A bit of history on Ms. Wasserman Schultz's 14 months leading the Democratic National Committee:
- Obama selects Debbie Wasserman Schultz to replace Tim Kaine in April 2011
- Blames Bush for Hamas' rise to power
- One of several testy media appearances for the DNC chair
- WSJ: Obama adviser tells Debbie Wasserman Schultz to 'tone it down'
The sentiment has been picked up by the likes of National Journal. And the blog Shark Tank quotes a close associate of Ms. Wasserman Schultz, albeit anonymously, as saying the deal is already done. The Shark Tank story continues:
This same source believes that Wasserman Schultz will be forced to resign behind closed doors and then stage an press event in which she tells Americans that her job as the DNC chair was a temporary one and that she is moving on with her congressional career.

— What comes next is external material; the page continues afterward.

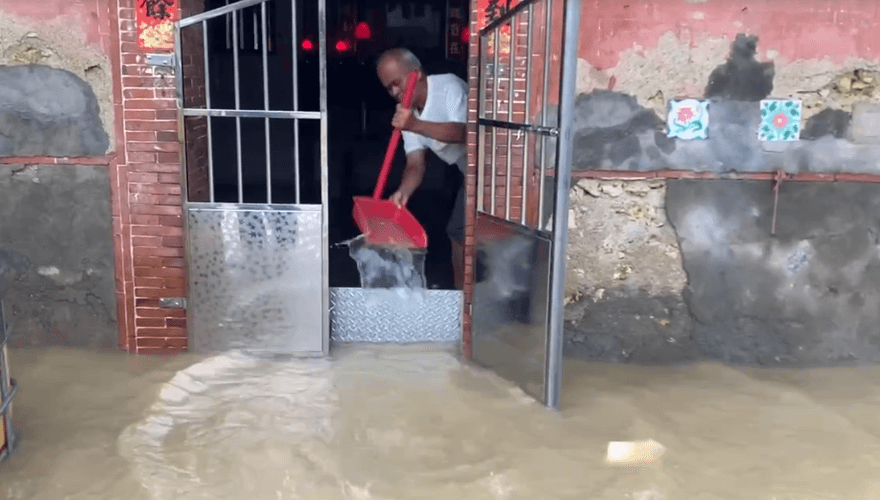 影/高雄雨彈狂炸！大寮住家淹水、仁武嚴重積水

On the topic of the Florida Congresswoman's career, the second chapter of this story is filled with speculation that her next target is the position of Speaker of the House. National Journal sees considerable potential for a fight atop the Democratic party if Nancy Pelosi decides to retire.
So is Debbie Wasserman Schultz being moved out of the spotlight ahead of the November elections? There is no confirmation from within the DNC or from the White House, but another former DNC Chair seems to be throwing a little gasoline the fire. Earlier this month, Ed Rendell told Philadelphia radio host Chris Stigall that former RNC Chairman Michael Steele was "effective" during his tenure at that post. However, Rendell added that some of the strong comments made by Rep. Wasserman Schultz questioning Mitt Romney's qualifications to be President were not helpful.
“I think in the end, you’ve got to be credible. There’s nobody out there who thinks that Governor Romney is unqualified.”
That said, could it be that the confrontational congresswoman from Florida is merely shifting her focus in preparation for a push to unseat the 71-year-old Nancy Pelosi as the voice that leads House Democrats? Maybe.
It should be noted that Ms. Wasserman Schultz must be re-elected to serve Florida's 20th Congressional District before she can challenge Pelosi or anyone else hoping to lead the House Democrats. According to the (unscientific) online poll Elections Meter, Wasserman Schultz has a declining popularity rate that may not bode well for her in the coming November election.